Data Leakage Prevention

  • Organize data according to industry standards (PII, commercial data, and product information) to assign different levels of risk.
  • Scrutinize diligently data outlets that are highly used and liable to leakage (i.e. emails, inward and outward file transfers, USB gadgets).
  • Be proactive in protecting data from being exposed. Put strong file restrictions in place and set up suitable authorization methods.
  • Restrict the user’s capacity to copy and paste data (where applicable) only to and from certain platforms and systems.
  • Before any large-scale exports occur, require authorization from the data holder.
  • Think about regulating or stopping users from capturing screenshots or taking pictures of monitors that show safeguarded data types.
  • Encrypt any backups that have sensitive data.
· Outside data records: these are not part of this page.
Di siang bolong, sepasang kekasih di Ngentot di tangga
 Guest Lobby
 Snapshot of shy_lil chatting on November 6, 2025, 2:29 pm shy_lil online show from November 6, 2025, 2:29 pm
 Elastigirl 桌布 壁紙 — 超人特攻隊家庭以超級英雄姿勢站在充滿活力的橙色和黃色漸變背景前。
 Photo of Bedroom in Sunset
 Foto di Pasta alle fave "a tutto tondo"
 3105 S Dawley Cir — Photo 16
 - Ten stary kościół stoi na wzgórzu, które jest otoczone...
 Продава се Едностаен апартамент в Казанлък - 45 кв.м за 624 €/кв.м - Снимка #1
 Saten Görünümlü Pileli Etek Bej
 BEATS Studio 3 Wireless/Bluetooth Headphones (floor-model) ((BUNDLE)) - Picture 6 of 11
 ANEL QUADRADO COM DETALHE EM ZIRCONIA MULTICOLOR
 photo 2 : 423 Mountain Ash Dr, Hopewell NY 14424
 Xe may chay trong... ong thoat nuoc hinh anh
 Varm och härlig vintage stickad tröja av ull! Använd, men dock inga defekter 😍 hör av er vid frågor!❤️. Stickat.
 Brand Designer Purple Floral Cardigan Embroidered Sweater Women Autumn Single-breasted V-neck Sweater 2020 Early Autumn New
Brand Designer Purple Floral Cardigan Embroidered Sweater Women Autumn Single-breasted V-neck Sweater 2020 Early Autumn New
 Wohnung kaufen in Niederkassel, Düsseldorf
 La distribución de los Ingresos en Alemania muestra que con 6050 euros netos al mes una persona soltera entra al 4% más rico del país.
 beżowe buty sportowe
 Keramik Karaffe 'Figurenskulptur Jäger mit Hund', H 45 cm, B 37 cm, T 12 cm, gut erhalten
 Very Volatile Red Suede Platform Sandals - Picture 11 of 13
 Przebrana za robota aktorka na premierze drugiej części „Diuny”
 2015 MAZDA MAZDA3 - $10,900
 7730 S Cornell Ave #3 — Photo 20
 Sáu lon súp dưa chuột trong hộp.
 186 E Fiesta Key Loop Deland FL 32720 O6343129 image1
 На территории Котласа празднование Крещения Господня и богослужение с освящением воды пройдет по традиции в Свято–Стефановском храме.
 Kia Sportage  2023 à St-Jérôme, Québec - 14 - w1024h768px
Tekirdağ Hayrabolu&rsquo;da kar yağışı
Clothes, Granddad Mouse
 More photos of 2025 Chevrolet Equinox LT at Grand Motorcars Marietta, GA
Ensure that all confidential info is safeguarded.
  • Construct gateway security and leakage prevention measures to protect against external influences, including (but not restricted to) industrial espionage, sabotage, commercial interference and IP theft.

Incident Response
GrowByData LLC is committed to take reasonable measures to mitigate the harmful effects of the Incident and prevent further unauthorized access or disclosure:

  • Incident management of the GrowByData will be handle by the Information Security manager. Monitoring the incidents will be done by appointed Security Engineer. All Major Incidents will be communicated for internal and external parties.
  • GrowByData uses cloud-based services to monitor the Security Events in the GrowByData Infrastructure. Once the incident has been detected, an initial impact assessment will be carried out in order to decide the appropriate response.
  • As a result of this initial analysis, any member of the management team can contact the Incident Response Team Leader at any time to ask him/her to assess whether the Incident Response Procedure should be activated.
  • Once notified of an incident the Team Leader will decide whether the scale and actual or potential impact of the incident justifies the activation of the Incident Response Procedure and the convening of the Incident Response Team (IRT).
  • Once the decision has been made to activate the incident response procedure, the Team Leader (or deputy) will ensure that all role holders (or their deputies if main role holders are un-contactable) are contacted, made aware of the nature of the incident and asked to assemble at an appropriate location.
  • Incident Response Team main objective will be to restore normal service operation as quickly as possible and minimize the adverse impact on business operations, thus ensuring that the best possible levels of service quality and availability are maintained.
  • Post incident activity will be conducted to ensure that correct actions are taken to prevent same incident again.